Filingeri a expliqué :

« L’environnement bactérien dans l’intestin change en fonction de ses apports spécifiques. La modification essentielle de la consommation calorique, de la source de fibres et de la disponibilité des acides aminés peut influencer le type de bactéries présentes dans notre intestin. Dans le [intermittent fasting and protein pacing]Il a été démontré que la disponibilité des protéines, l’espacement entre les repas et les périodes de jeûne ont une influence positive sur les espèces microbiennes.

Thomas M. Holland, MD, MSun médecin-chercheur du RUSH Institute for Healthy Aging, Rush University System for Health, qui n’a pas participé à l’étude, a fourni des informations supplémentaires.

Holland a noté que même s’il est difficile de déterminer précisément pourquoi le régime de jeûne intermittent et de stimulation protéique a entraîné des résultats bénéfiques plus significatifs que le régime de restriction calorique, « la combinaison du jeûne intermittent et des substituts de repas avec des boissons protéinées peut être des facteurs clés ».

« Les périodes d’apports alimentaires intermittents et la teneur élevée en protéines des shakes ont probablement favorisé la compétition du microbiome intestinal. De plus, les fibres contenues dans les shakes contribuent[d] à un meilleur contrôle de la glycémie, une réduction de l’absorption du cholestérol (entraînant une baisse des taux de LDL et une amélioration de la santé cardiovasculaire) et une meilleure santé intestinale générale, entre autres avantages.

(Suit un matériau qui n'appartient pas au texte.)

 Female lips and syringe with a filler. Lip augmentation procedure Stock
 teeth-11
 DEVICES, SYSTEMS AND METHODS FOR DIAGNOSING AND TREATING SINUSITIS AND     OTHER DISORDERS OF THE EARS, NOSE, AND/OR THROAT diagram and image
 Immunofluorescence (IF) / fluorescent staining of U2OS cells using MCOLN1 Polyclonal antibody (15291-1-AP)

– Thomas M. Holland, MD, MS

« Cela ne veut pas dire que la restriction calorique à elle seule n’est pas bénéfique ; cela n’a tout simplement pas eu autant d’impact », a-t-il souligné.

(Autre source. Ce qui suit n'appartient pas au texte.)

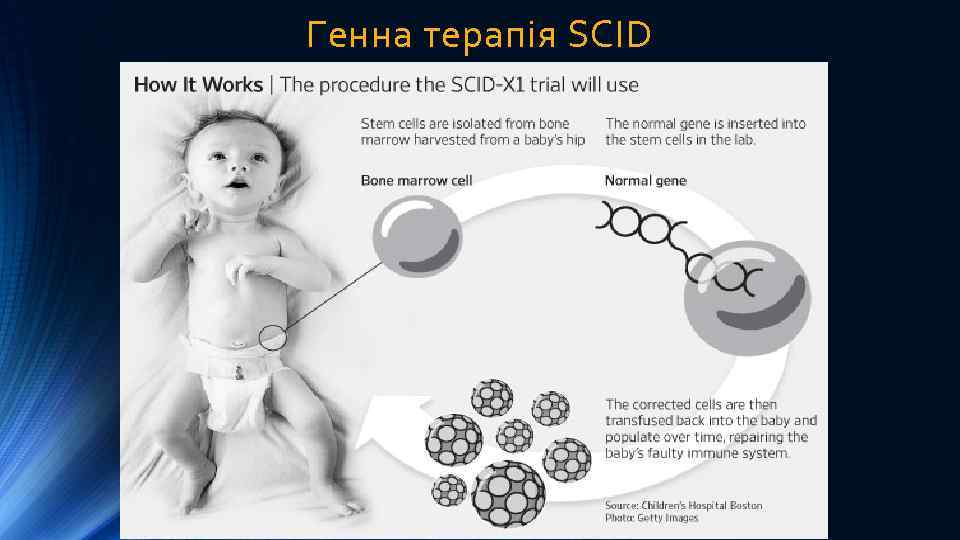 Генна терапія SCID 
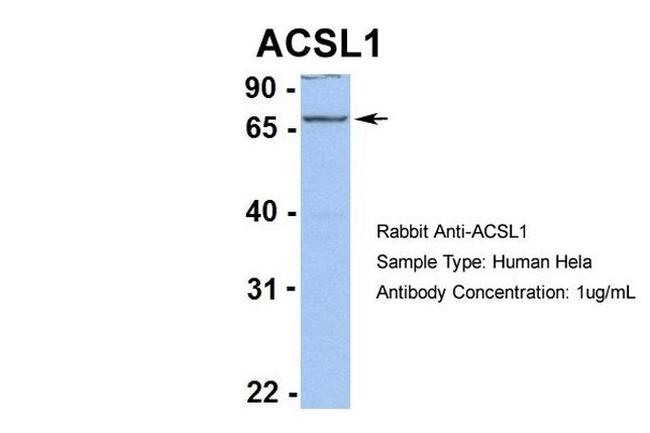 ACSL1 Antibody in Western Blot (WB)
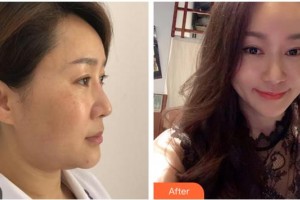 成都嬌點(diǎn)醫(yī)學(xué)美容醫(yī)院韓飛整形價(jià)格表附EDS中下面部提升案例展示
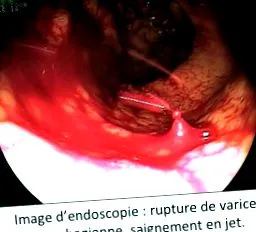 gastro-intestinală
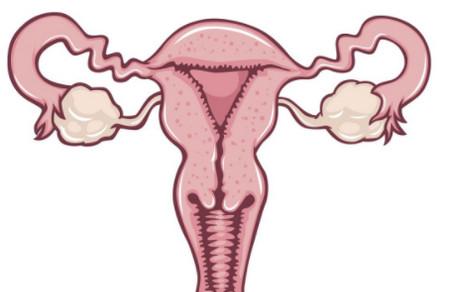 异常子宫出血的原因，关于子宫内膜局部异常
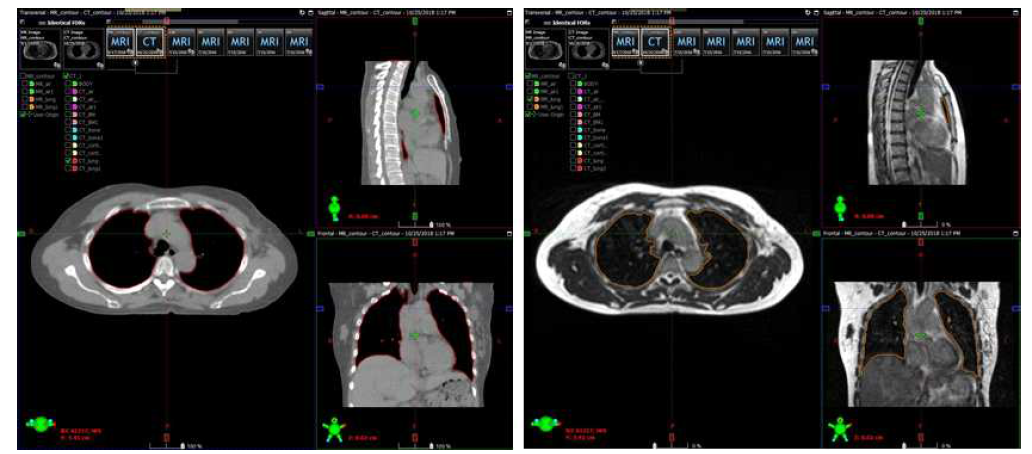 폐암환자 CT와 MR 영상에서의 폐 영역 부분 윤곽선 추출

L’étude met en évidence les différences dans le microbiome intestinal et les métabolites circulaires liés aux interventions diététiques qui facilitent la perte de poids et les modifications de la composition corporelle. Ces résultats pourraient contribuer à façonner les futures recommandations en matière de nutrition de précision grâce à des études cliniques plus vastes et de plus longue durée.

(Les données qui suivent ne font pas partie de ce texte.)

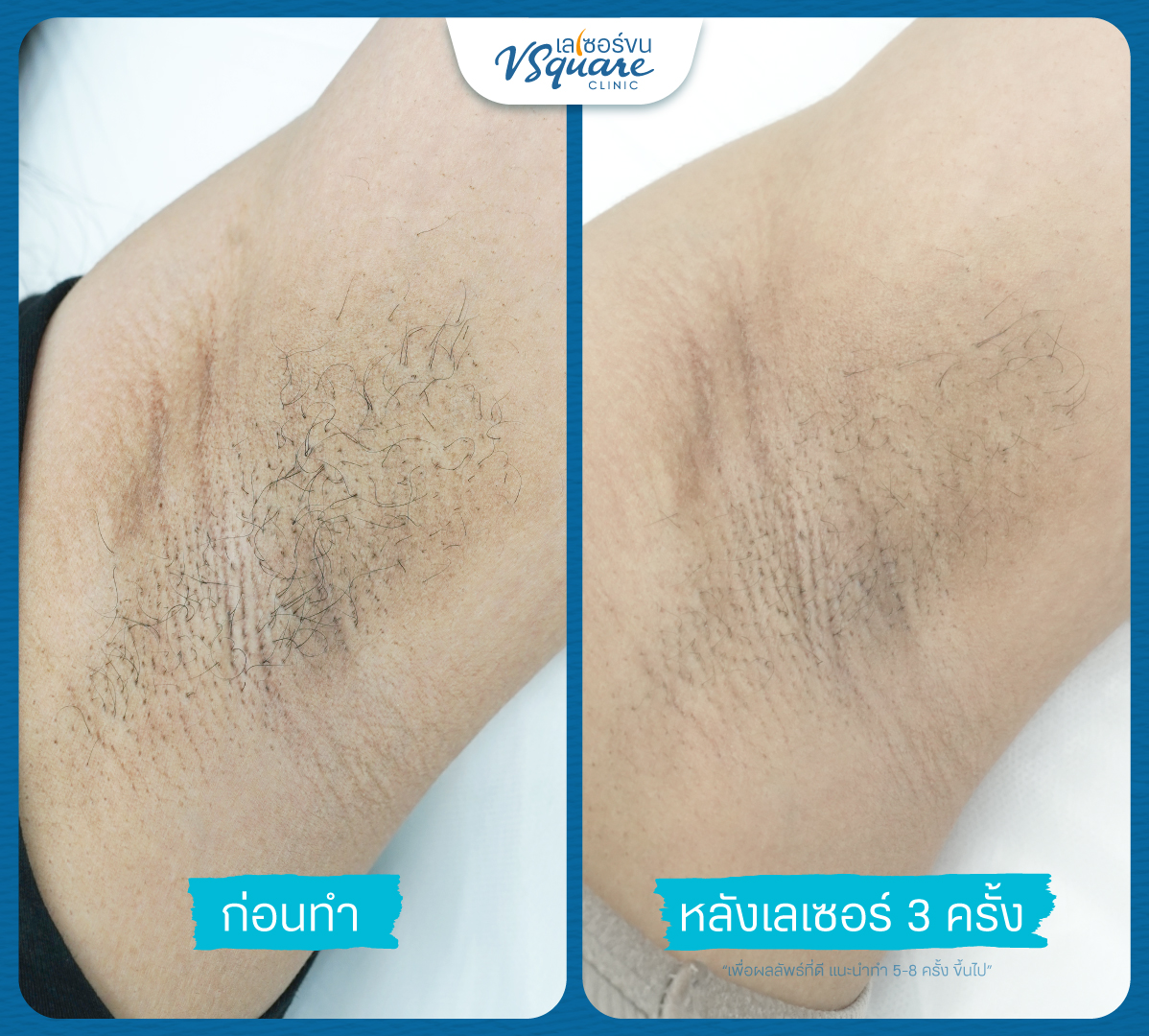 Laser Hair Removal Review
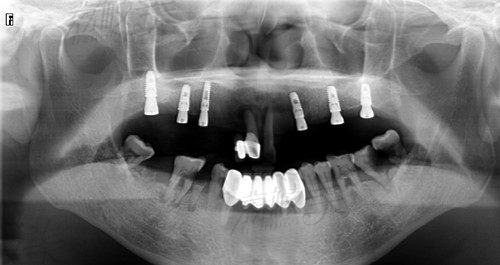 東莞同步齒科種植牙后的CT圖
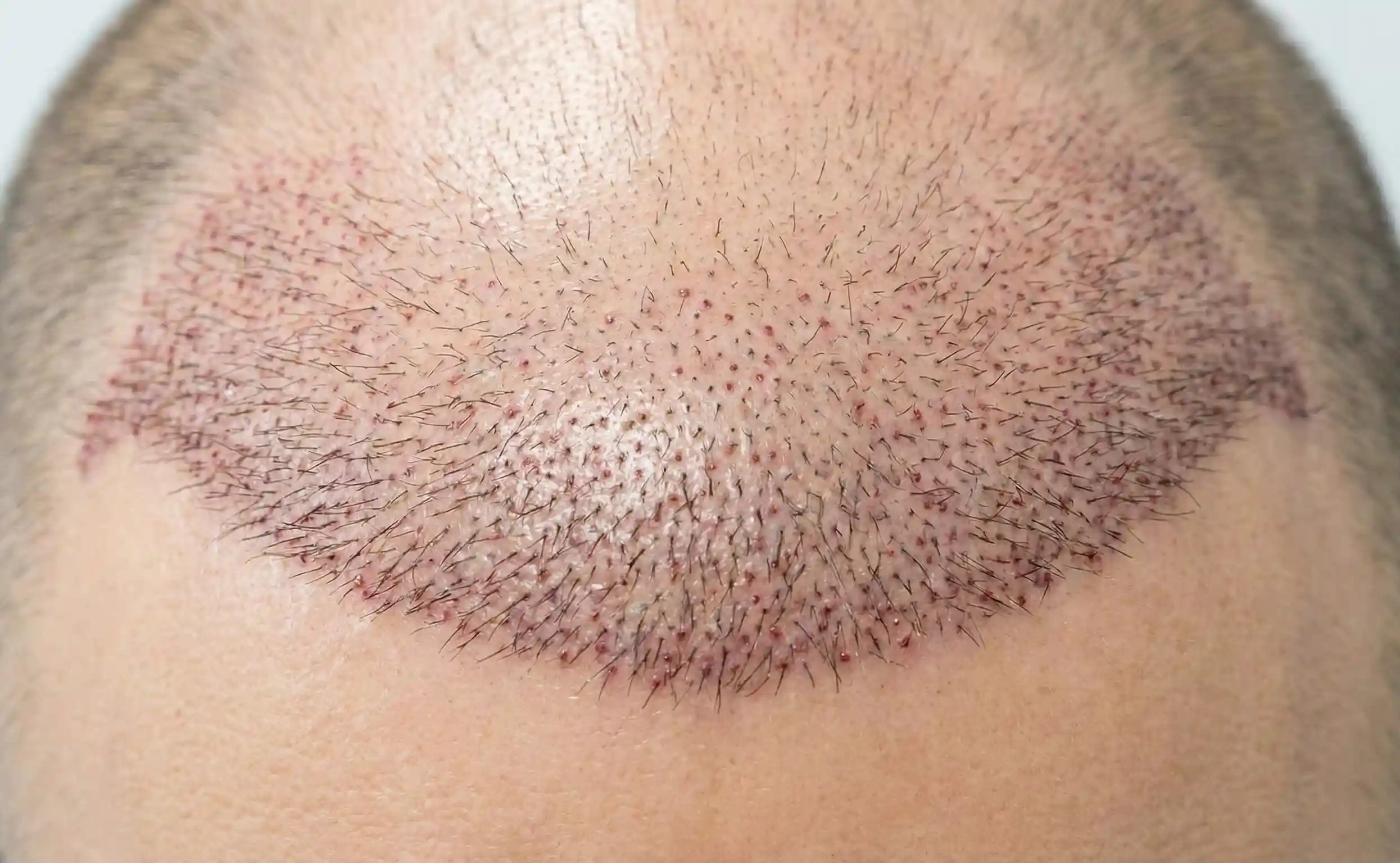 dense hair transplant result after sapphire fue procedure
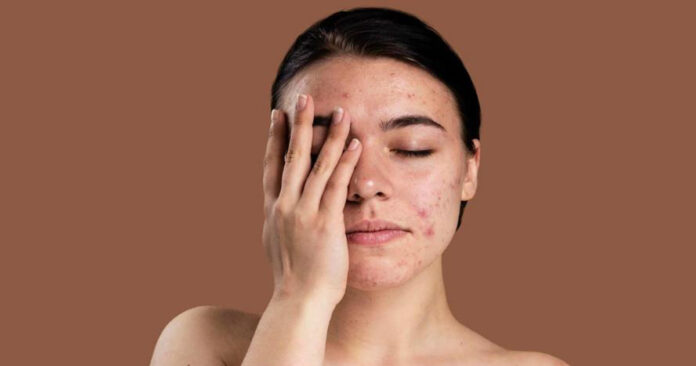 6 Best Face Wax for Sensitive Skin 2023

Plus précisément, les interventions combinées de jeûne intermittent et de régime protéique peuvent offrir des approches innovantes pour parvenir à une gestion saine du poids et améliorer les résultats globaux en matière de santé.

Cependant, l’aspect pratique et la sécurité à long terme de l’approche particulière de cette étude en matière de jeûne intermittent et de régime riche en protéines ne sont pas bien explorés.

« Lorsqu’il s’agit de perte de poids et de santé intestinale, il est essentiel de prendre en compte la médecine de précision et les différences individuelles. En fonction des habitudes corporelles et des objectifs de départ, différents régimes offriront divers avantages », a déclaré Holland.

« En fin de compte », a-t-il souligné, « un microbiome intestinal plus diversifié améliore la digestion et l’absorption des nutriments, ce qui est bénéfique pour la santé globale, y compris la santé cérébrale et cardiovasculaire. »

Holland a conclu que la quantité et la qualité du régime alimentaire devraient être prises en compte pour perdre du poids, idéalement avec les conseils d’un médecin ou d’un diététiste professionnel.